Task details - Take the material below and extract the lines from the one with "Snapshot of rubbingoneout714" through the one with "2815 SW 2ND Street, Delray Beach, FL 33445", word for word, without pictures.
--- Input records ---
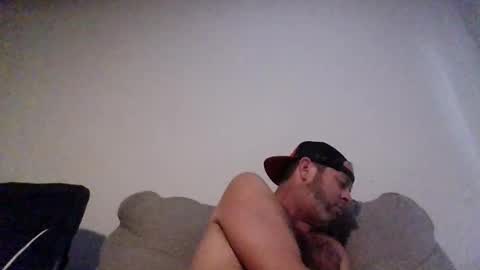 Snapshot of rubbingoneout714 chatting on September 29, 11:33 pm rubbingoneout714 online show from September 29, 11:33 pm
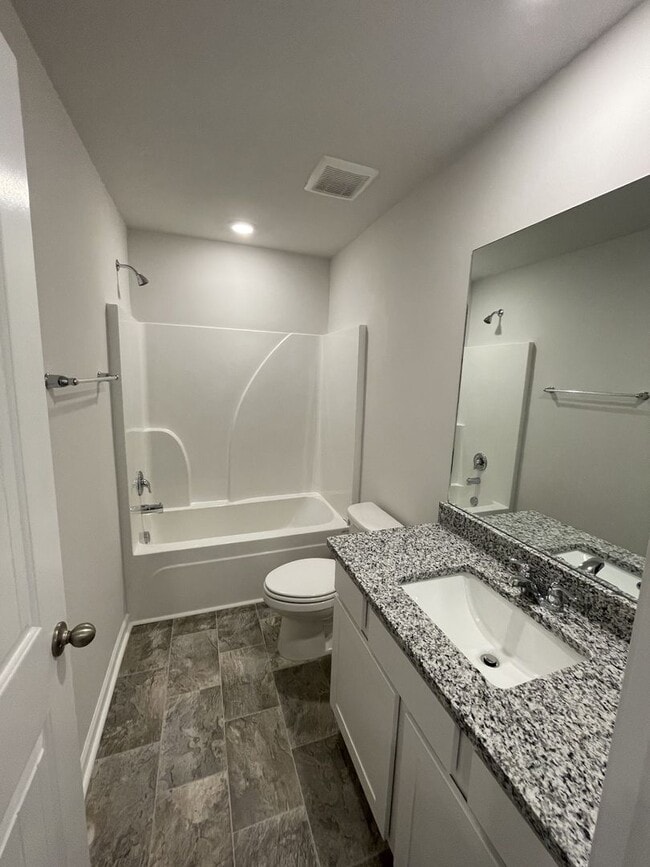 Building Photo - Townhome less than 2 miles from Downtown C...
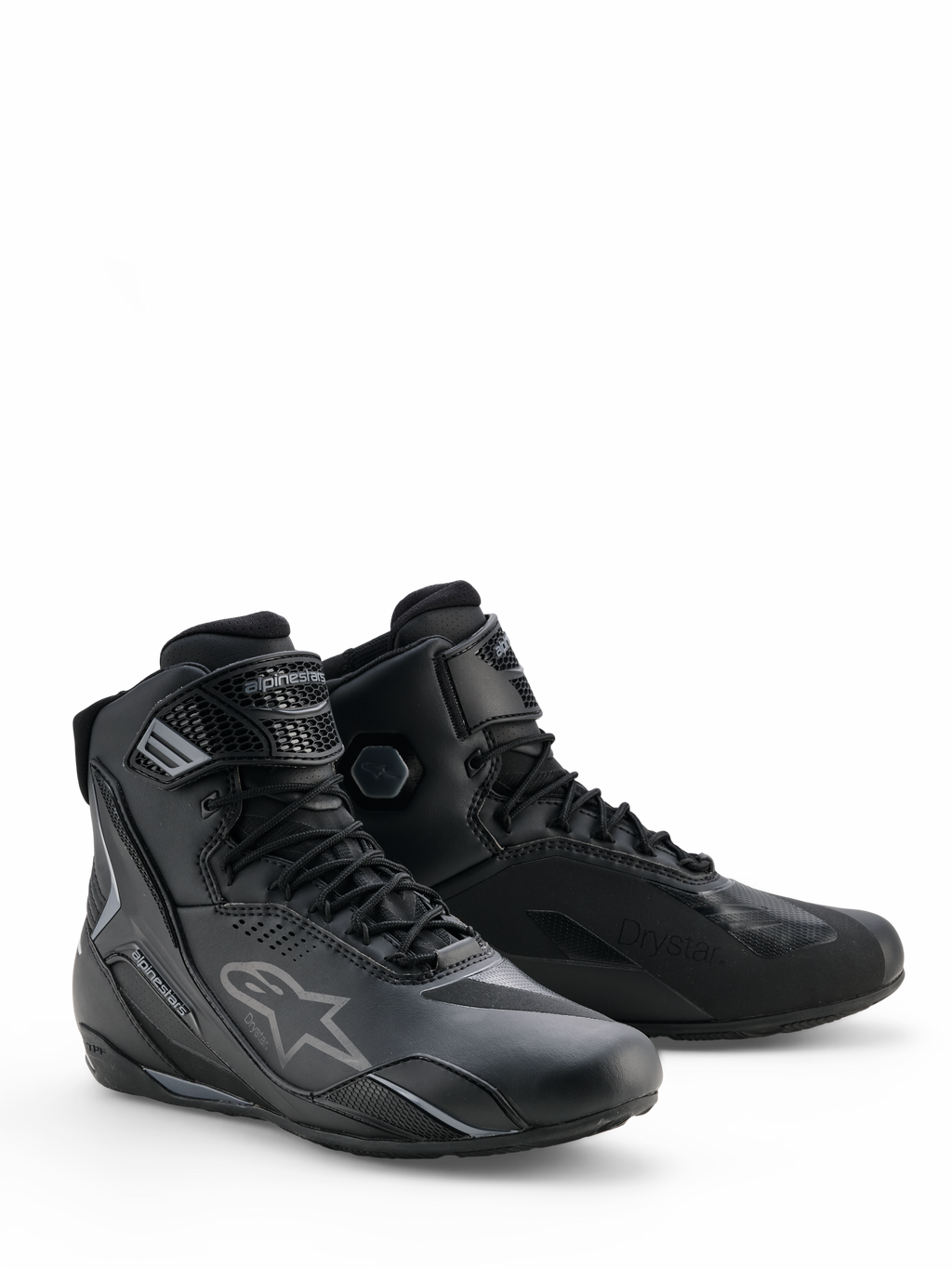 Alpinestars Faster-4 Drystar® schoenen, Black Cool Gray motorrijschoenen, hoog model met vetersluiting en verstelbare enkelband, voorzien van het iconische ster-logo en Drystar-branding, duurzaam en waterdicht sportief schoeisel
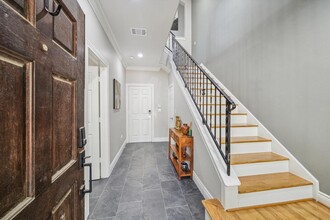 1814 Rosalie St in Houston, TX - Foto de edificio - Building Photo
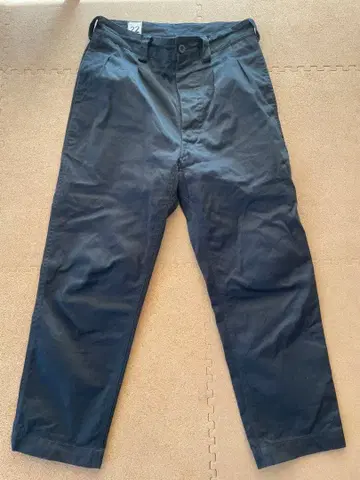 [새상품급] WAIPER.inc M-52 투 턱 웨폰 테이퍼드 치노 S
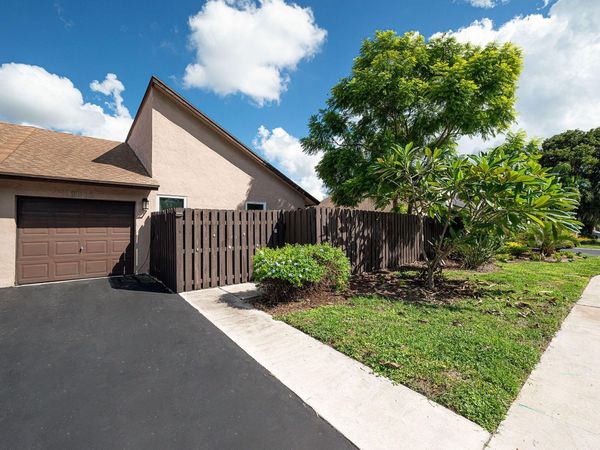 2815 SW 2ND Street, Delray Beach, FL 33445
---
--- Input records ---
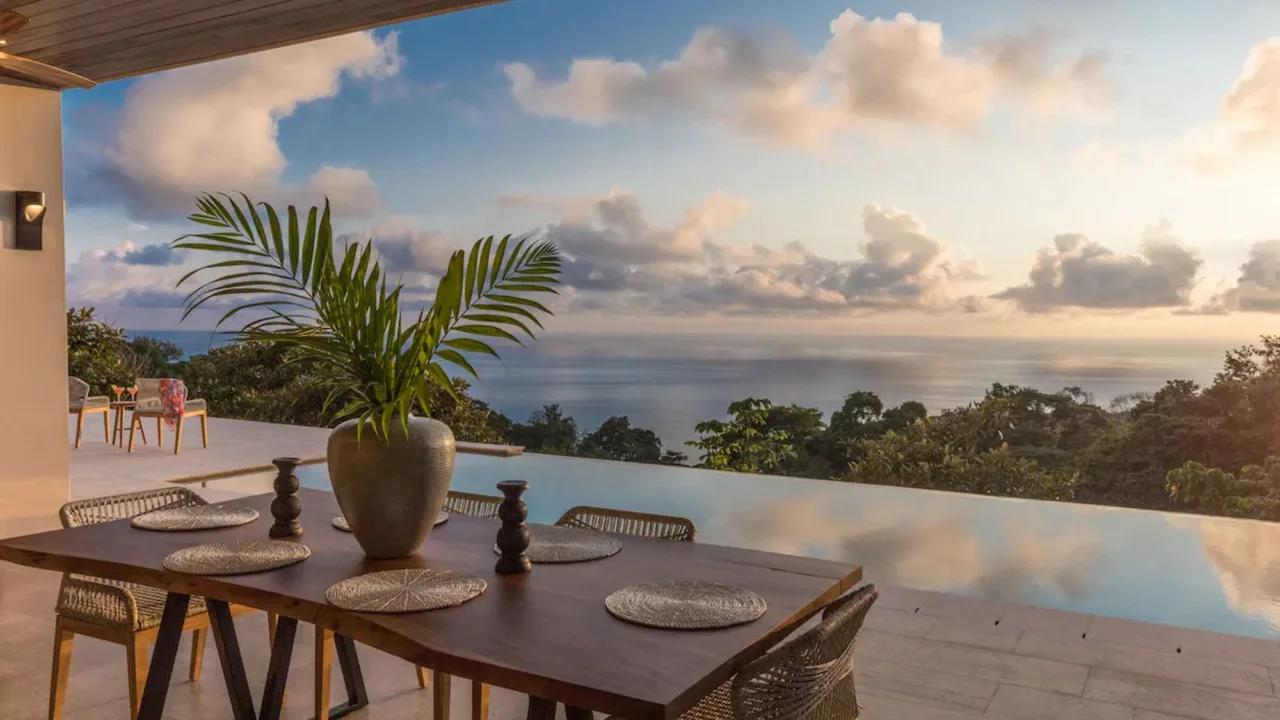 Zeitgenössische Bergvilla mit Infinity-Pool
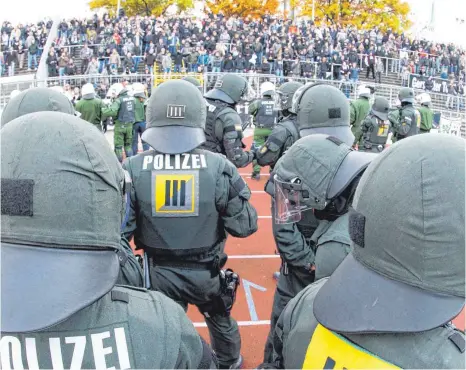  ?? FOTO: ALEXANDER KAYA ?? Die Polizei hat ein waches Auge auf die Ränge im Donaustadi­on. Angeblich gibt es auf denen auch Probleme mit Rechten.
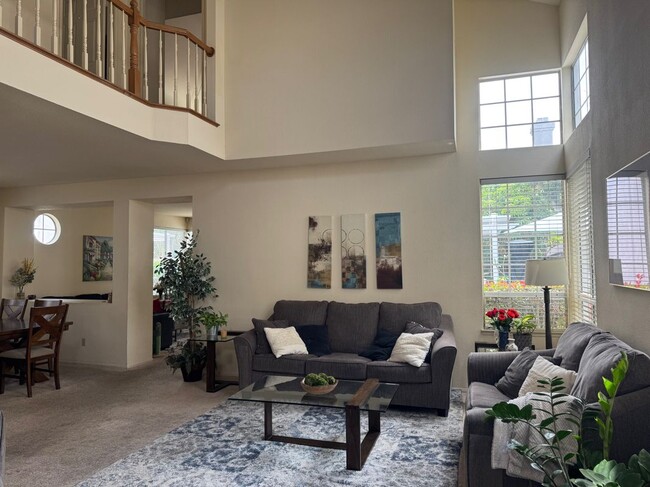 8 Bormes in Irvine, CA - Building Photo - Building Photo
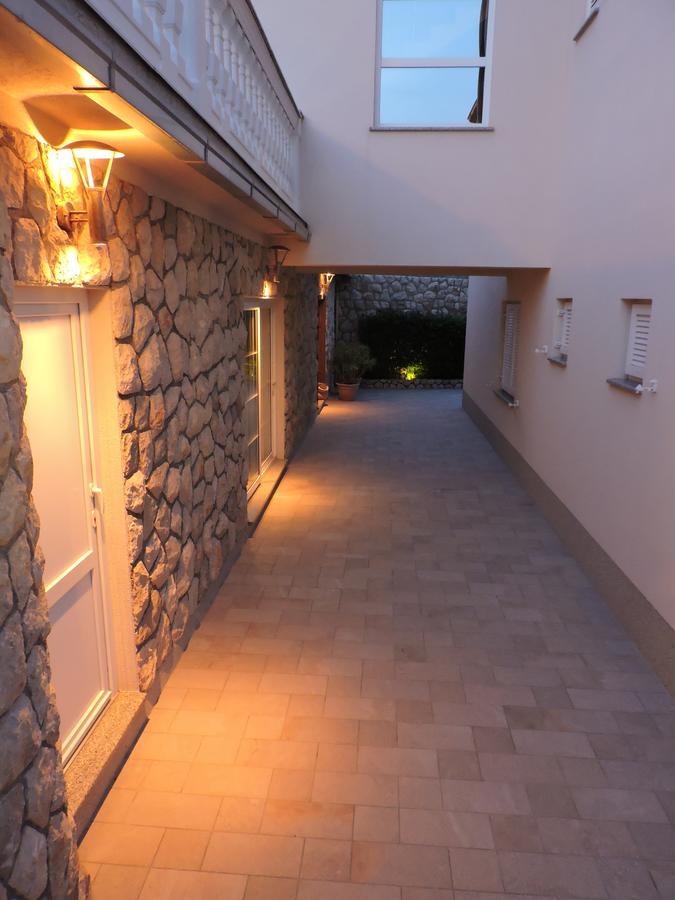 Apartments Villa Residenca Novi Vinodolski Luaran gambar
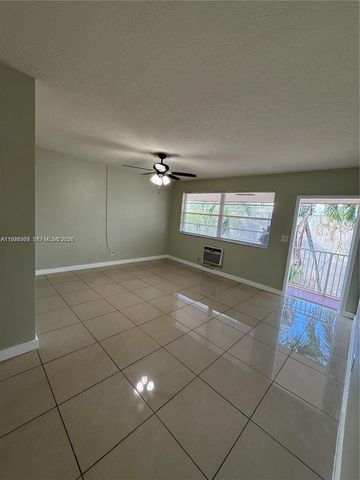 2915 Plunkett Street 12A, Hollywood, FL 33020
---
--- Input records ---
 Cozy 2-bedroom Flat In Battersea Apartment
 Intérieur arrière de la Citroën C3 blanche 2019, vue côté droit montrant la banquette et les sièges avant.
---
Written solution -
 Snapshot of rubbingoneout714 chatting on September 29, 11:33 pm rubbingoneout714 online show from September 29, 11:33 pm
 Building Photo - Townhome less than 2 miles from Downtown C...
 Alpinestars Faster-4 Drystar® schoenen, Black Cool Gray motorrijschoenen, hoog model met vetersluiting en verstelbare enkelband, voorzien van het iconische ster-logo en Drystar-branding, duurzaam en waterdicht sportief schoeisel
 1814 Rosalie St in Houston, TX - Foto de edificio - Building Photo
 [새상품급] WAIPER.inc M-52 투 턱 웨폰 테이퍼드 치노 S
 2815 SW 2ND Street, Delray Beach, FL 33445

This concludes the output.